Existe una palabra en el hebreo que significa pecado. Su tranbsliteración al español es parecido a ptaj. Ptajim, si no me equivoco, vendría a ser pecadores. Me confirmarían su transliteración y significado.


----------



## Flaminius

Saludos,

While I don't speak a word of Spanish, I am willing to answer.  Bear with me and my English.

The Hebrew word for sin (not sinner) is:
חטא
This is read _chet_ (in the Spanish transcription it is perhaps _jet_).


----------



## amikama

¿_Ptajim, ptaj_?  No conozco tales palabras en hebreo. ¿Dónde las encontraste y en qué contexto? ¿Estás seguro/a de que se escriben así?

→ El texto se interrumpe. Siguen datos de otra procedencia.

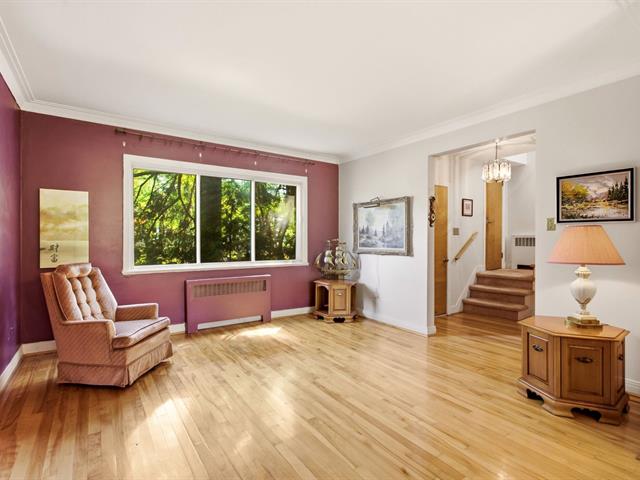 Salon - 610, Boul. Desaulniers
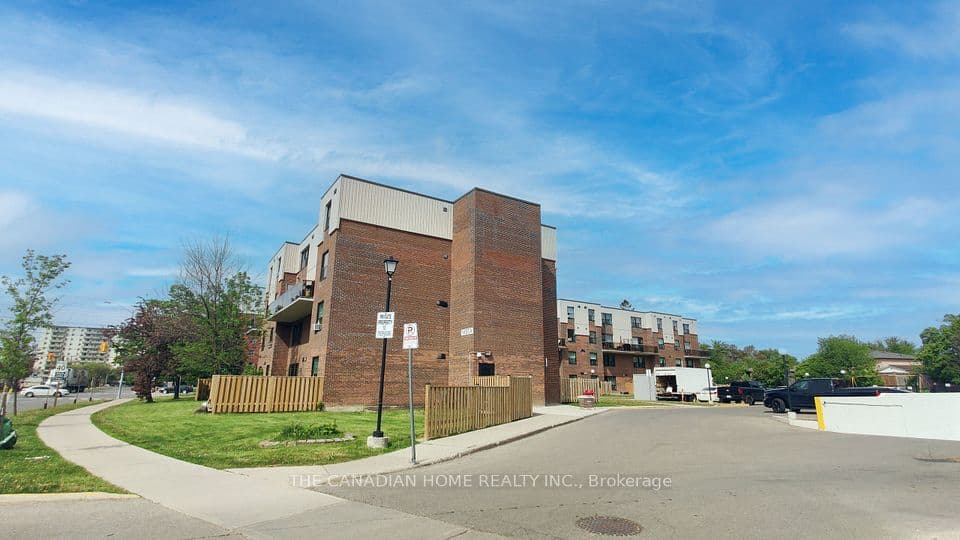 1055 A Forestwood Drive 115, Mississauga, ON L5C 2T8 – photo 2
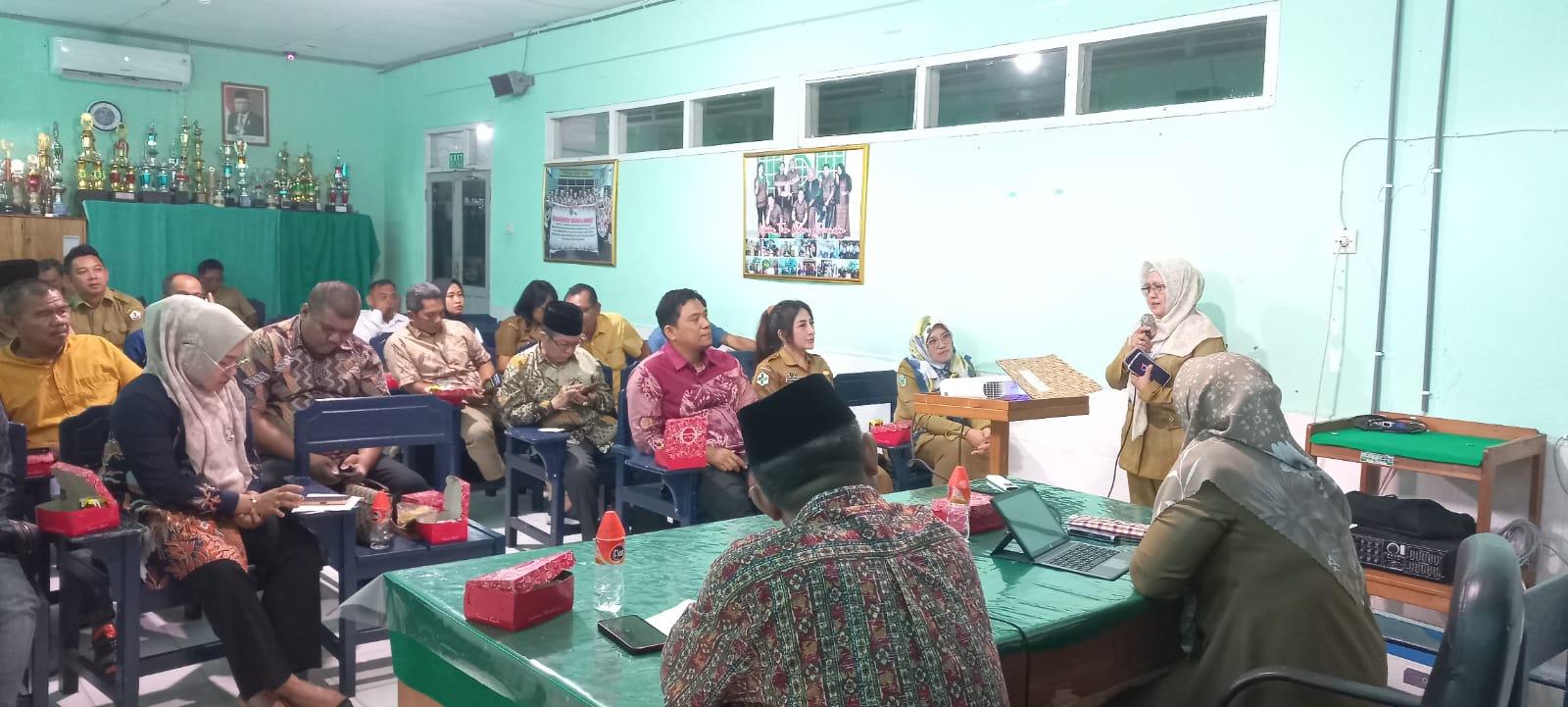 Studi Komparatif Komisi II DPRD Barito Kuala Marabahan Ke RSUD Kapuas Mengenai Program Rujuk Balik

Como dijo Flaminius, la palabra hebrea para 'pecado' es חטא (_jet_, en plural חטאים _jataim_). 
Pecador = חוטא (_joté_), pecadores (m.) = חוטאים (_joteim_).


----------



## origumi

ptajim = puertas


----------



## amikama

origumi said:


> ptajim = puertas


¡Tienes razón! No se me ocurría esa palabra  Pero significa aberturas en general (no sólo puertas sino también ventanas, ventanillas...). No veo qué tiene esa palabra que ver con pecados


----------



## korolya

El texto en el que encontre estas palabras está en ruso. Se hace referencia a una división entre los sacerdotes judíos de la epoca babilónica, en el que unos eran conocidos como los "tobim" de "tob", bondad, si no me equivoco, y los segundos eran conocidos como los "ptajim", de "ptaj" (supuestamente, pecado).
La transliteración en ruso es птахим y птах. Teniendo en cuenta que la transliteración al ruso suele ser de carácter fonético, "mi" transliteración al español parte de la pronunciación en ruso, cada letra corresponde al sonido en ruso. Por eso tengo mis dudas sobre la corecta transliteración al español directamente del hebreo.


----------



## origumi

Quizá ptallim (פתיים, פתאים) = incautos, ignorantes? (sing. peti, non ptall)


----------



## korolya

¿Y cuan posible es que la palabra suene como "petaj"?


----------



## origumi

¿Puede llevar el texto original ruso?​


----------



## scriptum

¿Serà posible que sean _prajim_ (= novicios, literalmente: flores)?


----------